### To do
Below is a listing to copy exactly; no image goes into the copy.

### Stored data

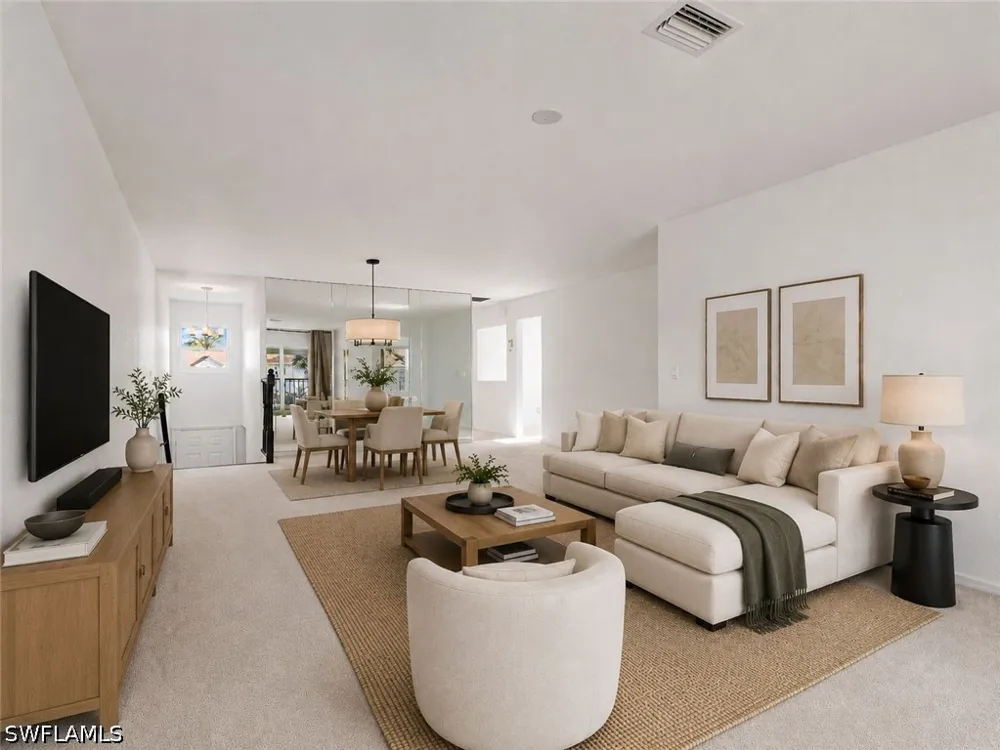 Trafalgar Lane #C Naples, FL 34116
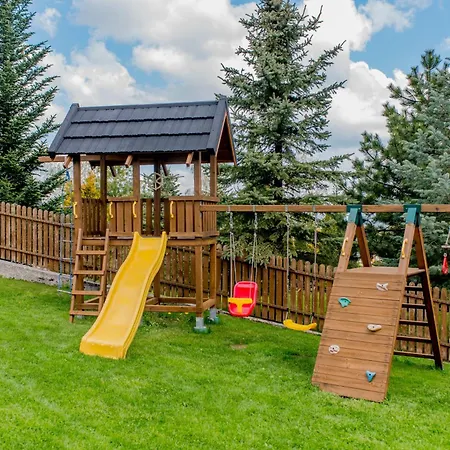 Pod Limba Homestay szállás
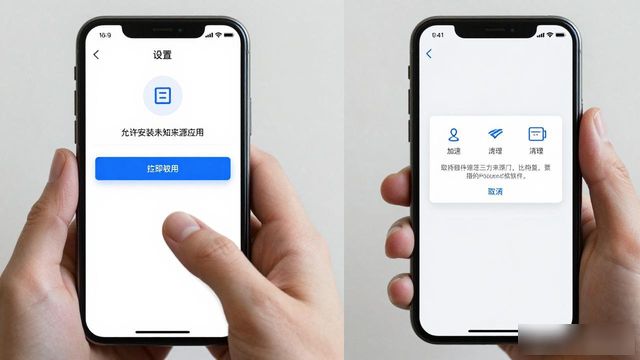 安卓手机比特派钱包下载方法_比特派钱包哪里下载更划算_下载比特派钱包官网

### Solution to this problem
 Trafalgar Lane #C Naples, FL 34116
 Pod Limba Homestay szállás
 安卓手机比特派钱包下载方法_比特派钱包哪里下载更划算_下载比特派钱包官网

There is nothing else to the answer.